A minute repeater complication activated unexpectedly during a funeral service on Wednesday, striking the current time — 2:00 p.m. — with two resonant gongs that echoed through the chapel during what was supposed to be a moment of silent reflection.
The watch, an A. Lange & Sohne Zeitwerk Minute Repeater worn by attendee and collector Hugh Davenport, activated when Davenport folded his hands in his lap, inadvertently depressing the slide on the case band.
'BONG. BONG,' the watch announced into the silence, with the clarity and projection that Lange's cathedral gong system is specifically engineered to achieve.
'The acoustics in the chapel were exceptional,' Davenport said afterward, visibly distressed. 'The repeater has never sounded better. The reverb was extraordinary. I have never been more horrified by the quality of German watchmaking.'
The deceased's widow, sitting three rows ahead, turned to locate the source of the chiming. Several attendees reportedly mistook the sound for a church bell. The officiant paused his remarks, glanced at the ceiling, and continued.

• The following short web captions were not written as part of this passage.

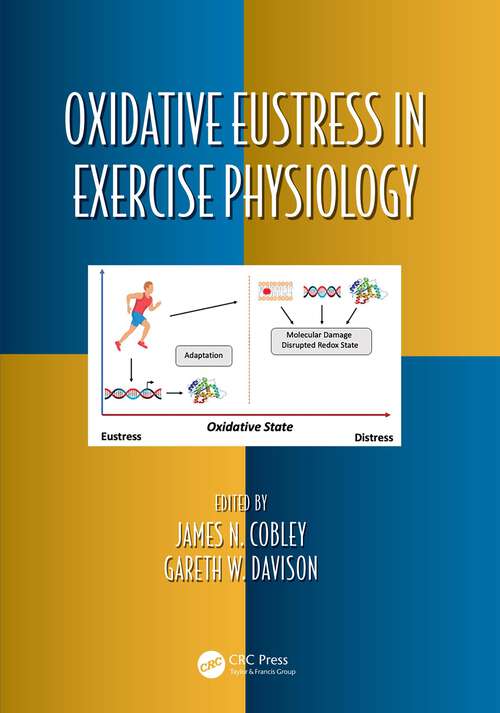 Book cover of Oxidative Eustress in Exercise Physiology (Oxidative Stress and Disease #47)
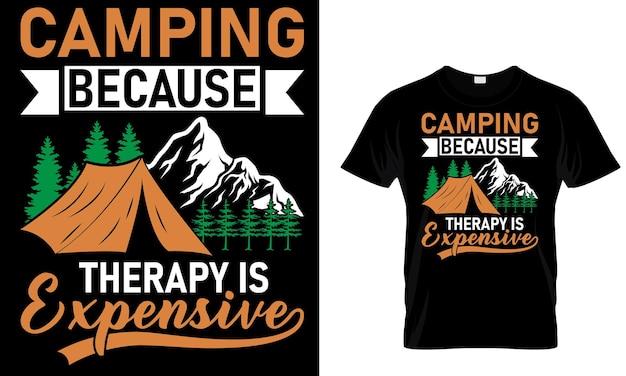 T - Shirt, das Camping sagt, weil Therapie teuer ist.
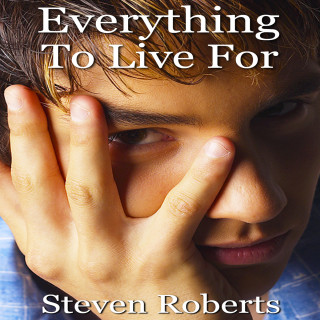 Steven Roberts: Everything To Live For (Unabridged)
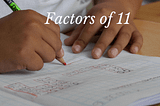 What Are The Factors of 11 — Step By Step Factors Calculator Math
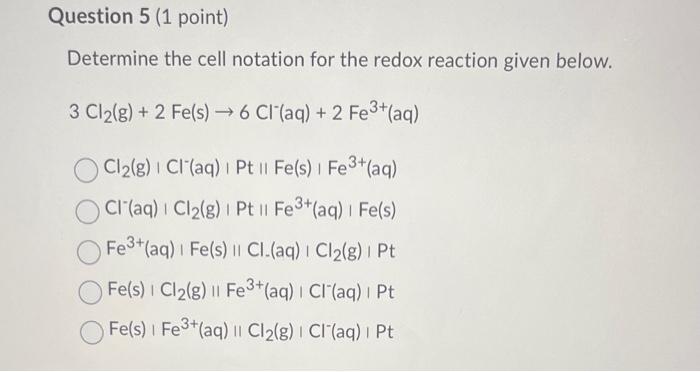 Determine the cell notation for the redox reaction given below.
\( 3 \mathrm{Cl}_{2}(\mathrm{~g})+2 \mathrm{Fe}(\mathrm{s}) \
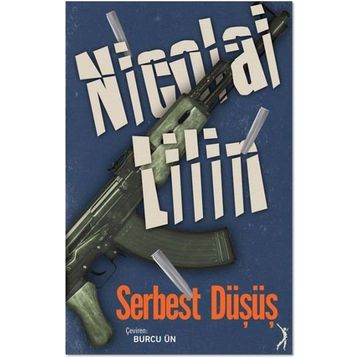 Serbest Düşüş - Nicolai Lilin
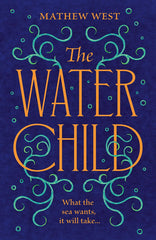The Water Child: A historical novel to enthral, enchant and unsettle by Mathew West - used book at Perkology Books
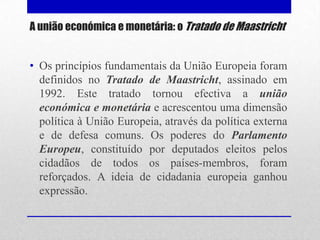 A união económica e monetária: o Tratado de Maastricht


• Os princípios fundamentais da União Europeia foram
  definidos no Tratado de Maastricht, assinado em
  1992. Este tratado tornou efectiva a união
  económica e monetária e acrescentou uma dimensão
  política à União Europeia, através da política externa
  e de defesa comuns. Os poderes do Parlamento
  Europeu, constituído por deputados eleitos pelos
  cidadãos de todos os países-membros, foram
  reforçados. A ideia de cidadania europeia ganhou
  expressão.
 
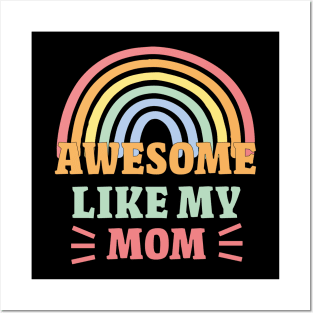 Awesome Like My Mom,  Awesome Family Posters and Art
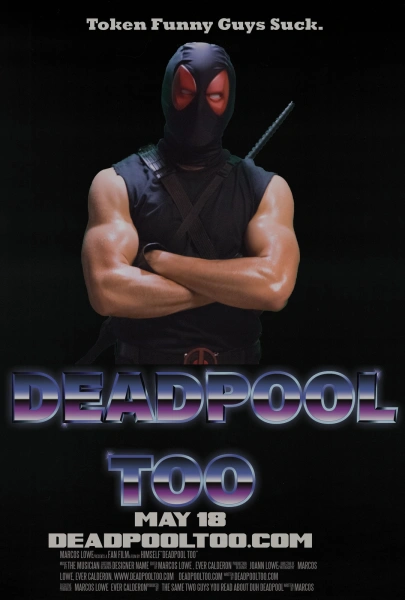 Deadpool Too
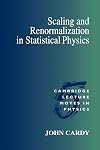 Scaling and Renormalization in Statistical Physics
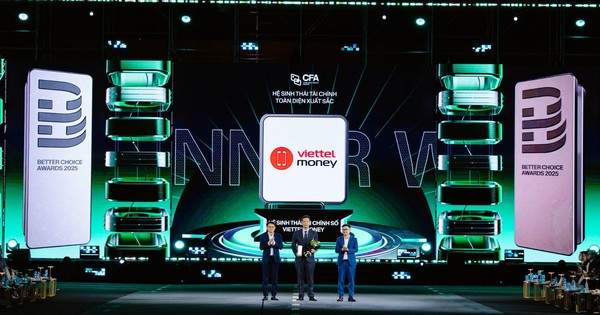 Ứng dụng tài chính số của Tập đoàn Viettel được vinh danh tại Better Choice Awards 2025 Ứng dụng tài chính số của Tập đoàn Viettel được vinh danh tại Better Choice Awards 2025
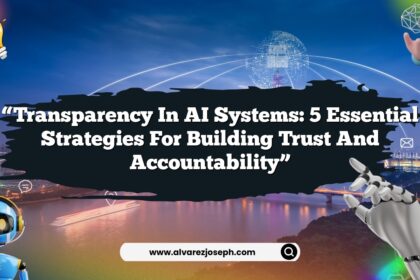 “Transparency in AI Systems: 5 Essential Strategies for Building Trust and Accountability”
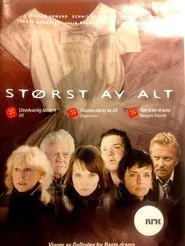Størst av alt tv show poster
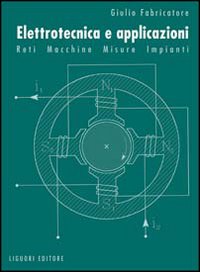 Libro Elettrotecnica e applicazioni. Reti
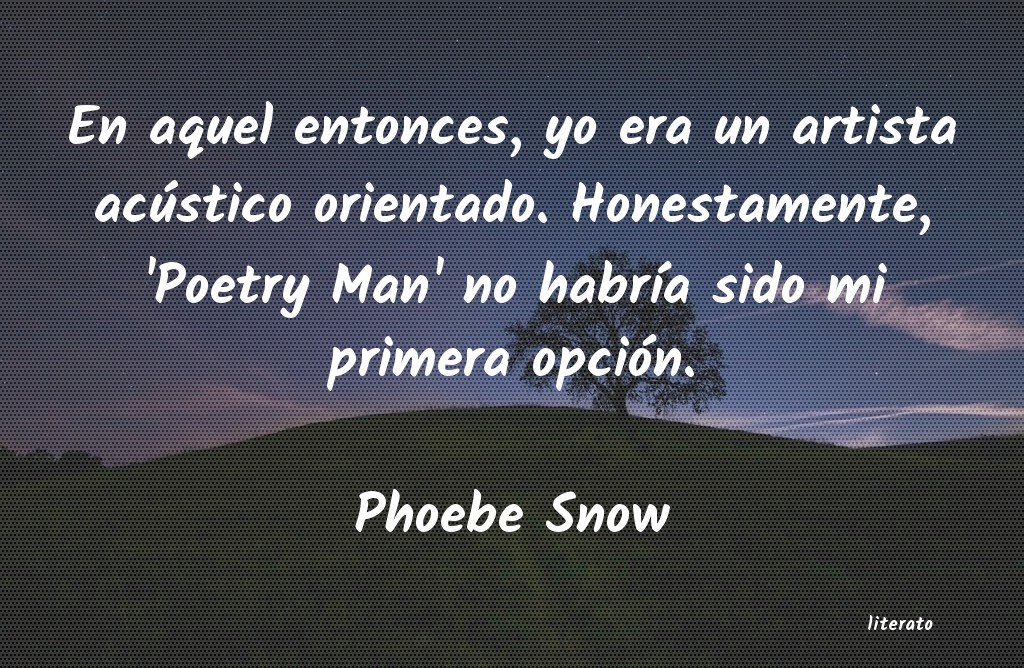 frases de Phoebe Snow
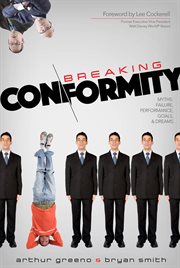Breaking conformity: failure, performance, goals and dreams cover image
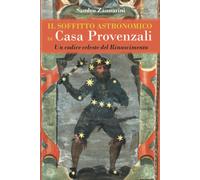 Il Soffitto Astronomico Di Casa Provenzali: Un Codice Celeste Del Rinascimento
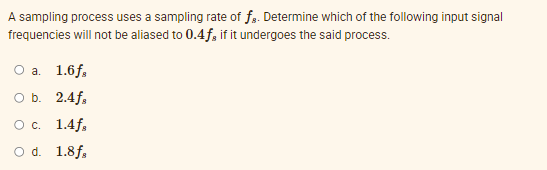 A sampling process uses a sampling rate of fa. Determine which of the following input signal
frequencies will not be aliased to 0.4f, if it undergoes the said process.
О а. 1.6f.
O b. 2.4f,
О с. 1.4f.
O d. 1.8f,
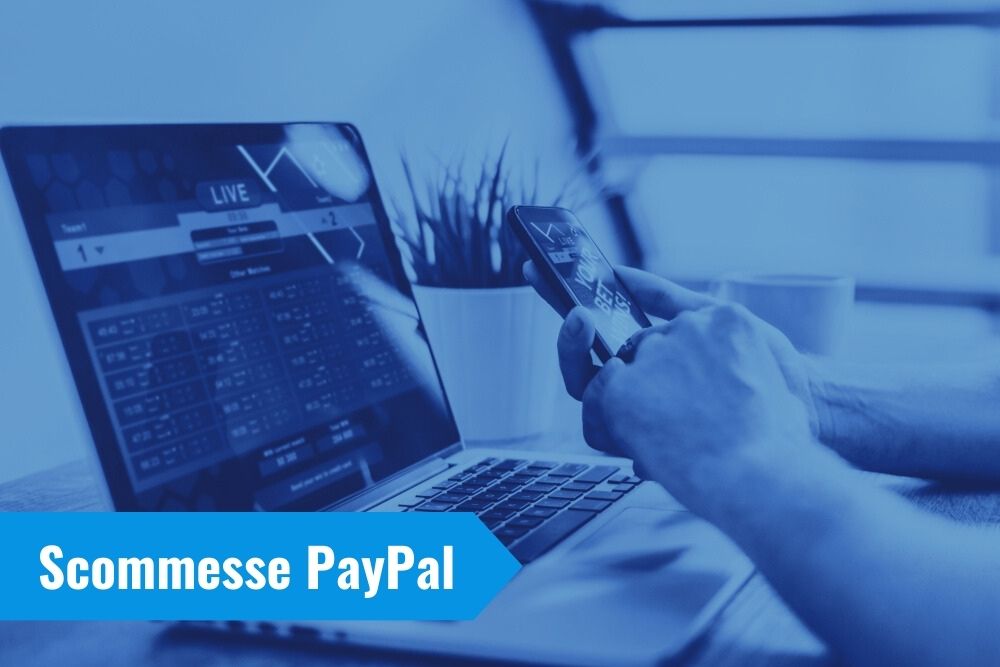 siti per scommettere paypal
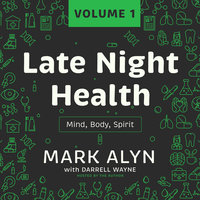 Late Night Health, Vol. 1: Mind, Body, Spirit - Mark Alyn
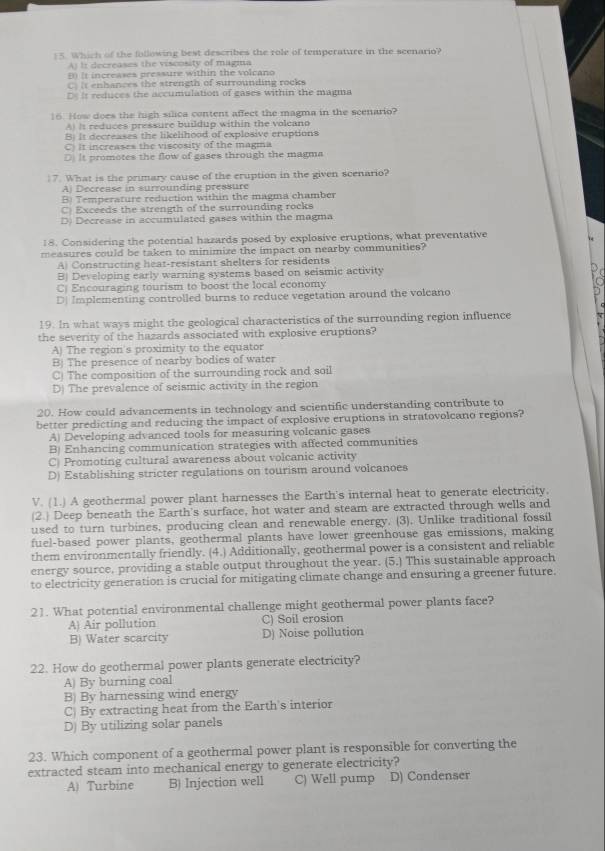 Which of the following best describes the role of temperature in the scenario?
A It decreases the viscosity of magma
B (t increases pressure within the volcano
C. it enhances the strength of surrounding rocks
D it reduces the accumulation of gases within the magma
16. How does the high silica content affect the magma in the scenario?
A) It reduces pressure buildup within the volcano
B) It decreases the likelihood of explosive eruptions
C. It increases the viscosity of the magma
D. It promotes the flow of gases through the magma
17. What is the primary cause of the eruption in the given scenario?
A) Decrease in surrounding pressure
B) Temperature reduction within the magma chamber
C) Exceeds the strength of the surrounding rocks
D) Decrease in accumulated gases within the magma
18. Considering the potential hazards posed by explosive eruptions, what preventative
measures could be taken to minimize the impact on nearby communities?
A) Constructing heat-resistant shelters for residents
B) Developing early warning systems based on seismic activity
C) Encouraging tourism to boost the local economy
D| Implementing controlled burns to reduce vegetation around the voleano
19. In what ways might the geological characteristics of the surrounding region influence
the severity of the hazards associated with explosive eruptions?
A) The region's proximity to the equator
Bj The presence of nearby bodies of water
C) The composition of the surrounding rock and soil
D) The prevalence of seismic activity in the region
20. How could advancements in technology and scientific understanding contribute to
better predicting and reducing the impact of explosive eruptions in stratovolcano regions?
A) Developing advanced tools for measuring volcanic gases
B) Enhancing communication strategies with affected communities
C) Promoting cultural awareness about volcanic activity
D) Establishing stricter regulations on tourism around volcanoes
V. (1.) A geothermal power plant harnesses the Earth's internal heat to generate electricity.
(2.) Deep beneath the Earth's surface, hot water and steam are extracted through wells and
used to turn turbines, producing clean and renewable energy. (3). Unlike traditional fossil
fuel-based power plants, geothermal plants have lower greenhouse gas emissions, making
them environmentally friendly. (4.) Additionally, geothermal power is a consistent and reliable
energy source, providing a stable output throughout the year. (5.) This sustainable approach
to electricity generation is crucial for mitigating climate change and ensuring a greener future.
21. What potential environmental challenge might geothermal power plants face?
A) Air pollution C) Soil erosion
B) Water scarcity D) Noise pollution
22. How do geothermal power plants generate electricity?
A) By burning coal
B) By harnessing wind energy
C) By extracting heat from the Earth's interior
D) By utilizing solar panels
23. Which component of a geothermal power plant is responsible for converting the
extracted steam into mechanical energy to generate electricity?
A) Turbine B) Injection well C) Well pump D) Condenser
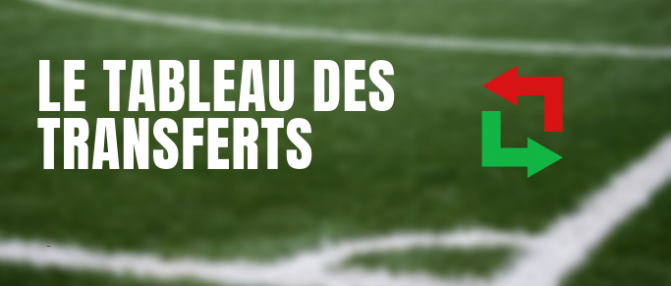 Le tableau des transfert du 5 août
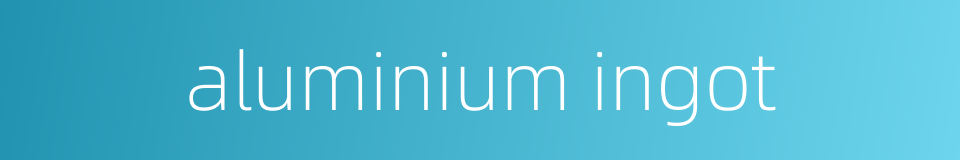 aluminium ingot的同义词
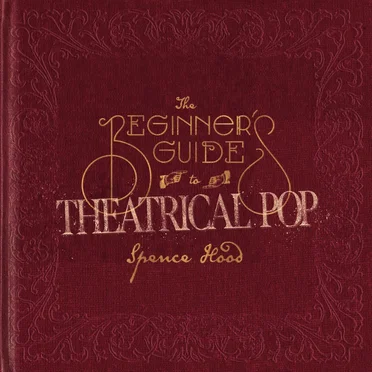 The Beginner’s Guide to Theatrical Pop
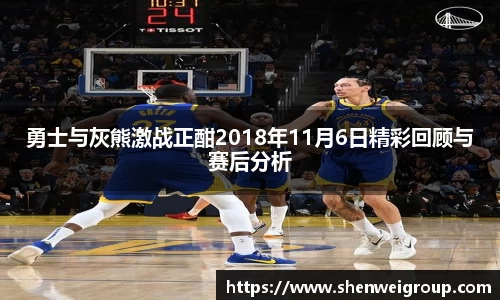 勇士与灰熊激战正酣2018年11月6日精彩回顾与赛后分析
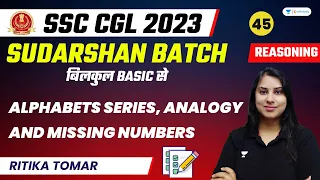 Alphabets Series, Analogy and Missing Numbers | Reasoning | SSC CGL 2023 | Ritika Tomar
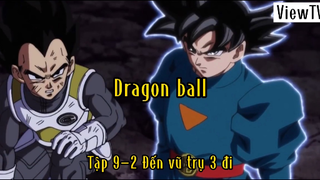 Dragon ball_Tập 9 P2 Đến vũ trụ 3 đi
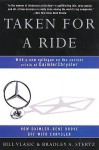 Taken for a Ride: How Daimler-Benz Drove Off with Chrysler - Bill Vlasic, Bradley A. Stertz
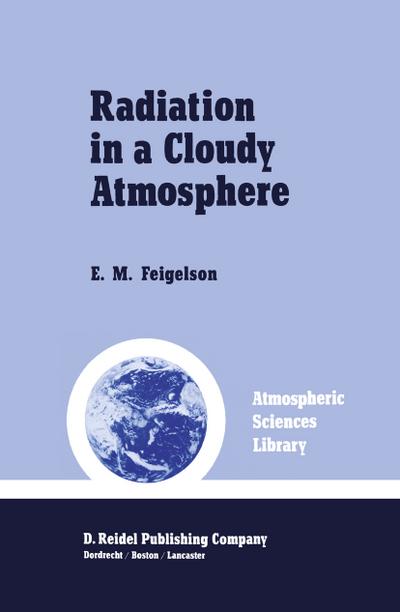 Radiation in a Cloudy Atmosphere - E. M. Feigelson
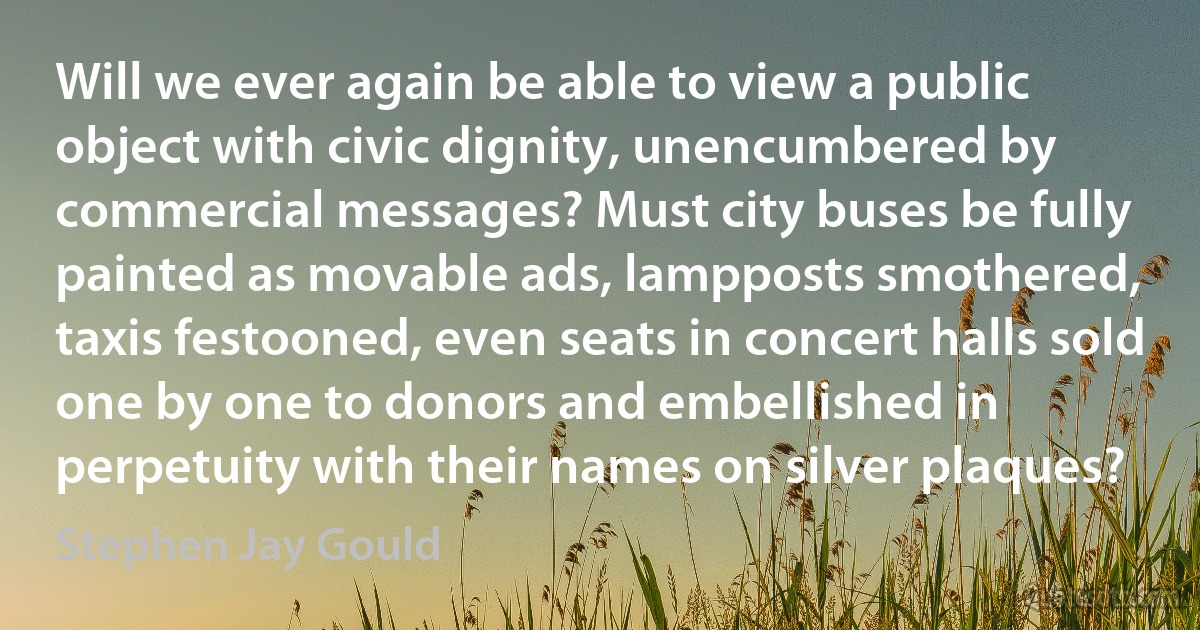 Will we ever again be able to view a public object with civic dignity, unencumbered by commercial messages? Must city buses be fully painted as movable ads, lampposts smothered, taxis festooned, even seats in concert halls sold one by one to donors and embellished in perpetuity with their names on silver plaques? (Stephen Jay Gould)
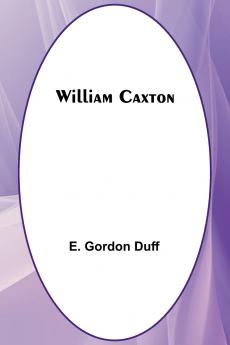 William Caxton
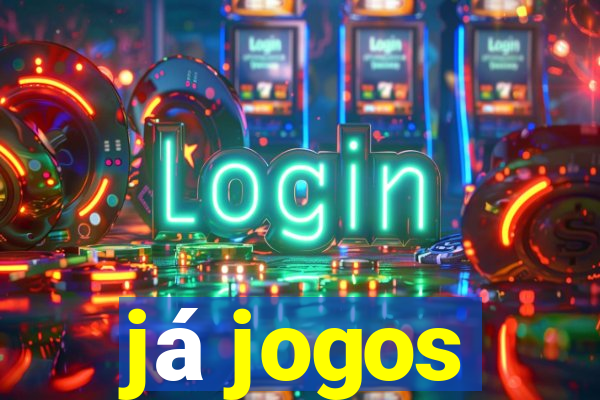 já jogos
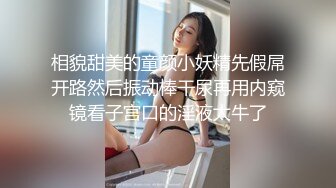 相貌甜美的童颜小妖精先假屌开路然后振动棒干尿再用内窥镜看子宫口的淫液太牛了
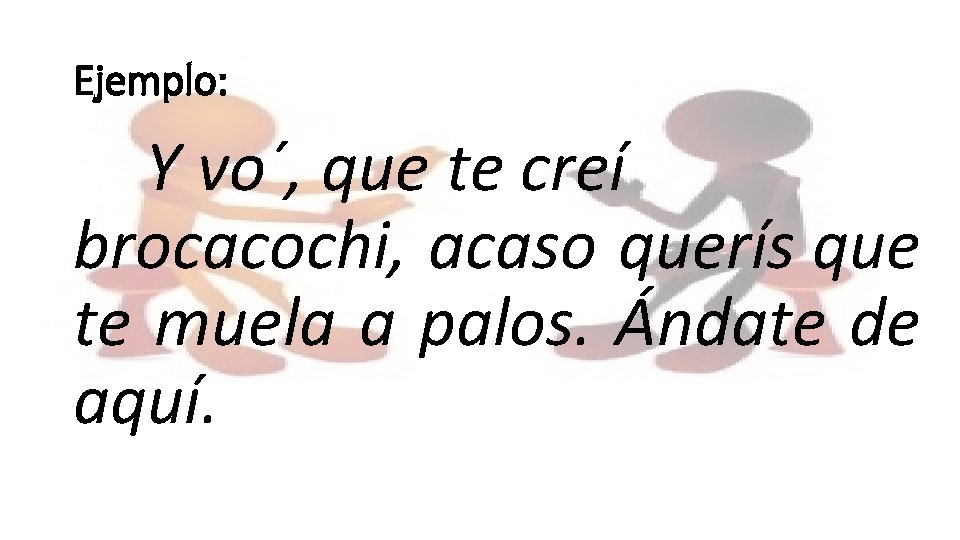 Ejemplo: Y vo´, que te creí brocacochi, acaso querís que te muela a palos.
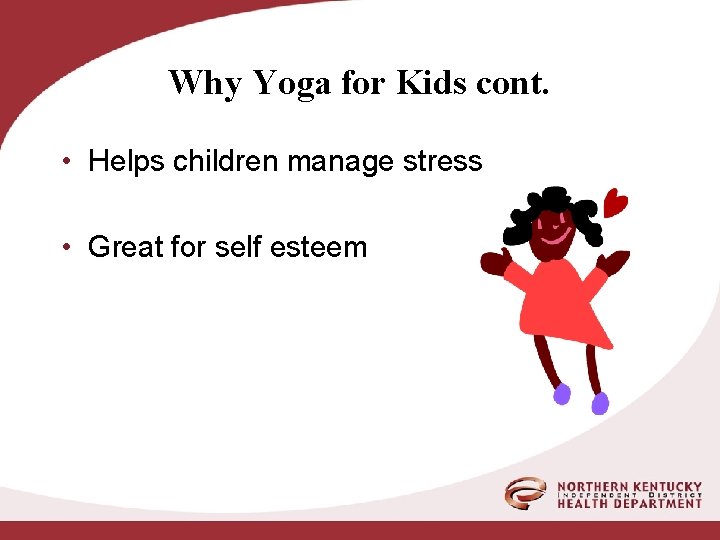 Why Yoga for Kids cont. • Helps children manage stress • Great for self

'Two o'clock,' whispered a fellow collector sitting beside Davenport, who had correctly identified the striking sequence. 'Beautifully struck. Absolutely the wrong moment.'
Davenport has since had the slide mechanism stiffened by his watchmaker to require 'deliberate, aggressive actuation' rather than incidental contact. He has also purchased a Casio F-91W for future funerals.
'The Casio has an hourly chime function that I have disabled,' Davenport noted. 'Unlike the Lange, it does not cost $450,000 and does not project sound like a concert instrument. These are advantages I had not previously considered.'
The deceased, family members confirmed, 'would have found it hilarious.' He was himself a watch collector.